In this case, the compiler can tell the type of `hour` and `minute` by looking at their declarations. It is unnecessary and illegal to include the type when you pass them as arguments. The correct syntax is `print_time(hour, minute)`.

## 3.10. Functions with results¶

You might have noticed by now that some of the functions we are using, like the math functions, yield results. Other functions, like `new_line`, perform an action but don’t return a value. That raises some questions:

• What happens if you call a function and you don’t do anything with the result (i.e. you don’t assign it to a variable or use it as part of a larger expression)?

• What happens if you use a function without a result as part of an expression, like `new_line() + 7`?

• Can we write functions that yield results, or are we stuck with things like `new_line` and `print_twice`?

The answer to the third questions is “yes, you can write functions that return values,” and we’ll see how to do that in the Fruitful functions chapter. We will leave it to you to answer the other two questions by trying them out in the exercises.

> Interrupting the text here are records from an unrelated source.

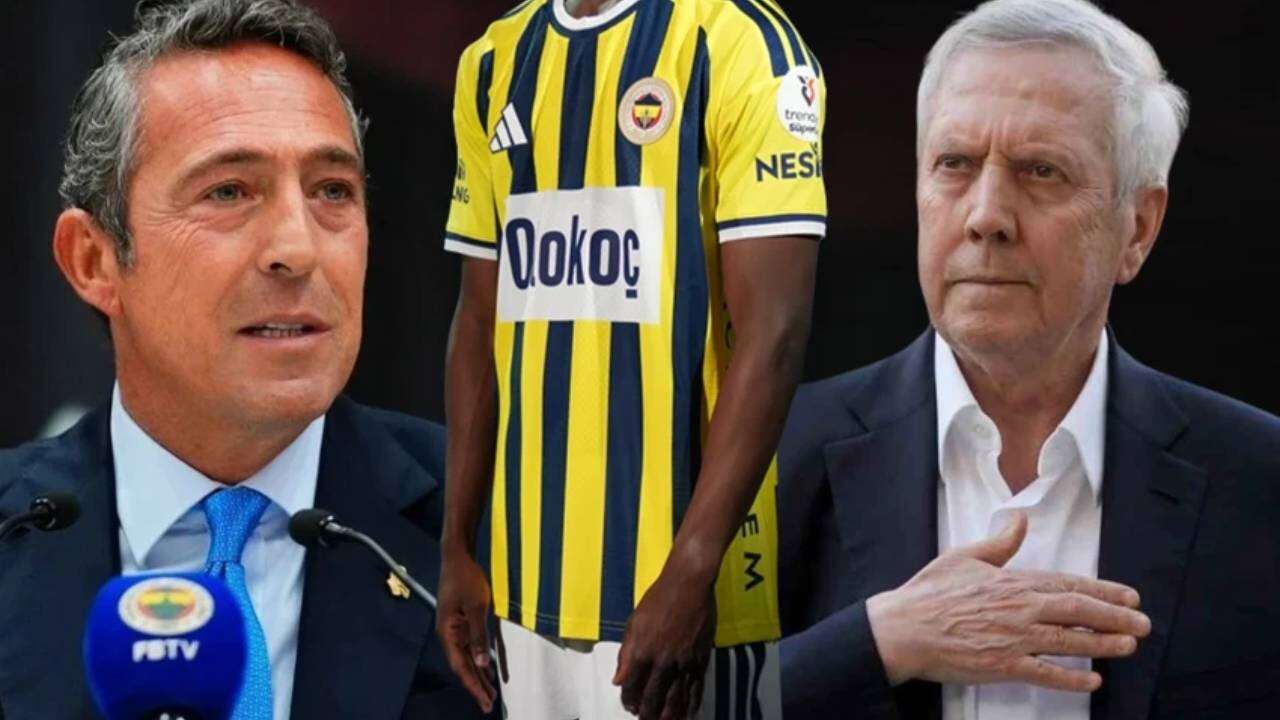 Ali Koç 8 milyon euroya Fenerbahçe'ye imza attırmıştı: Aziz Yıldırım 30 milyon euroya satıyor! 1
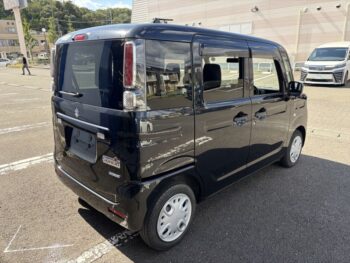 スペーシア ハイブリットＧ セーフティサポート非装着車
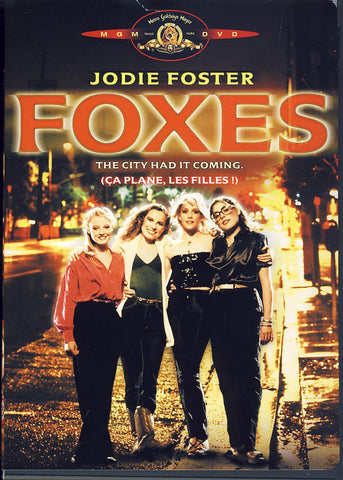 Foxes (MGM) (Bilingual) DVD Movie 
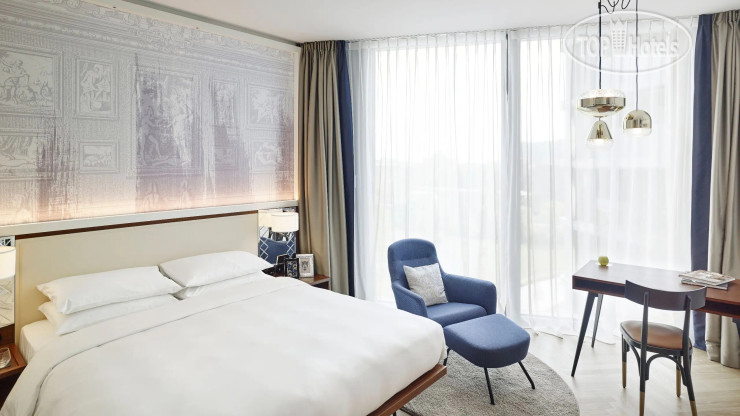 New photos from tourists Andaz Vienna Am Belvedere 5*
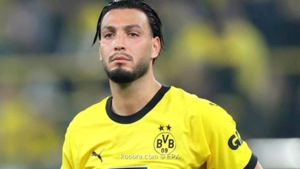  الدولي الجزائري رامي بن سبعيني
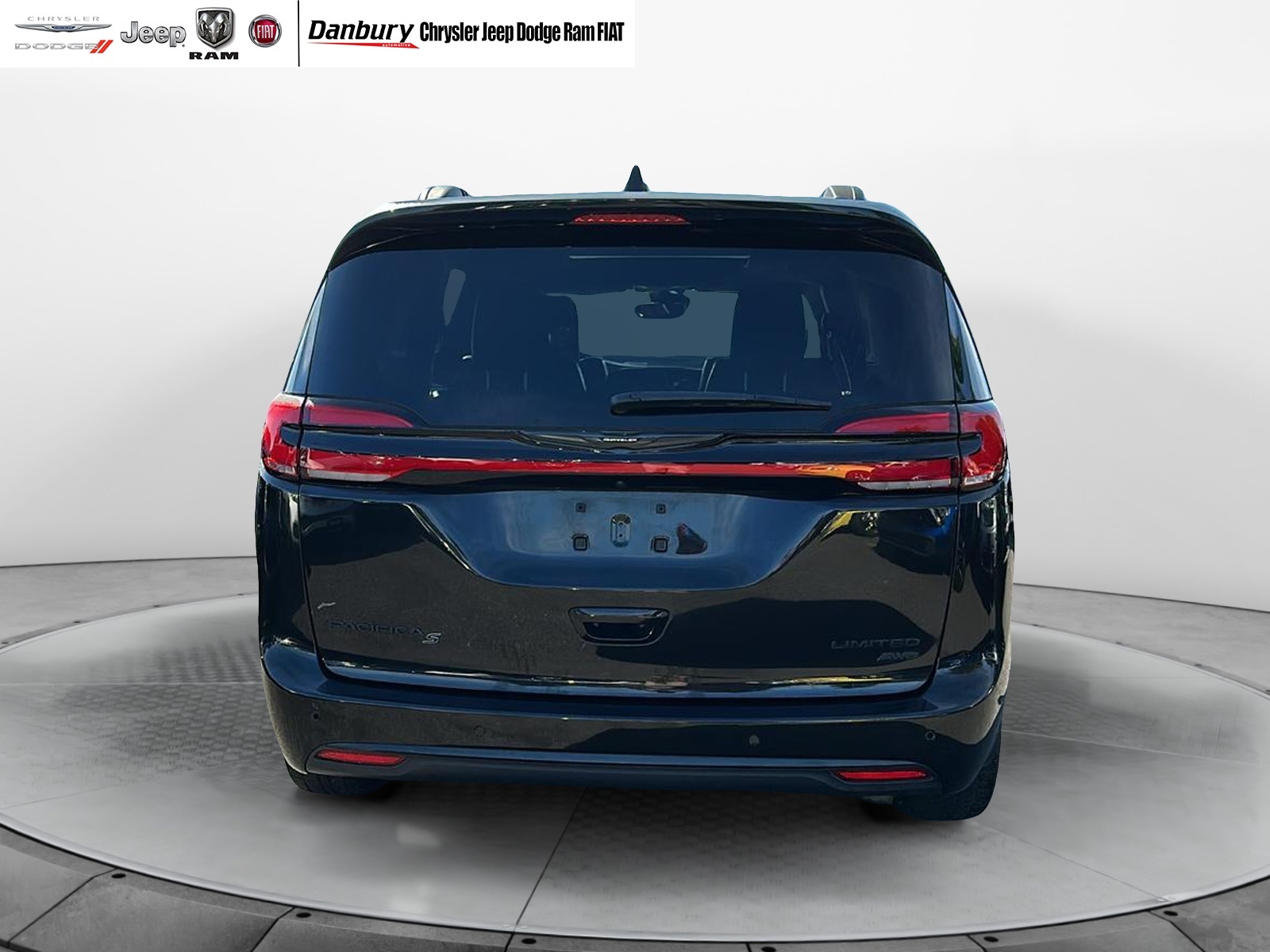 2021 Chrysler Pacifica Limited 5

Any time you have a question about what is legal or illegal in C++, a good way (the best way) to find out is to ask the compiler.

## 3.11. Glossary¶

floating-point

A type of variable (or value) that can contain fractions as well as integers. There are a few floating-point types in C++; the one we use in this book is `double`.

initialization

A statement that declares a new variable and assigns a value to it at the same time.

function

A named sequence of statements that performs some useful process. Functions may or may not take arguments, and may or may not produce a result.

parameter

A name for a value that will be provided to a function when it is called. Parameters are like variables in the sense that they contain values and have types.

argument

A value that you provide when you call a function. The value must have the same type as the corresponding parameter.

call

A programming statement that causes a function to be executed.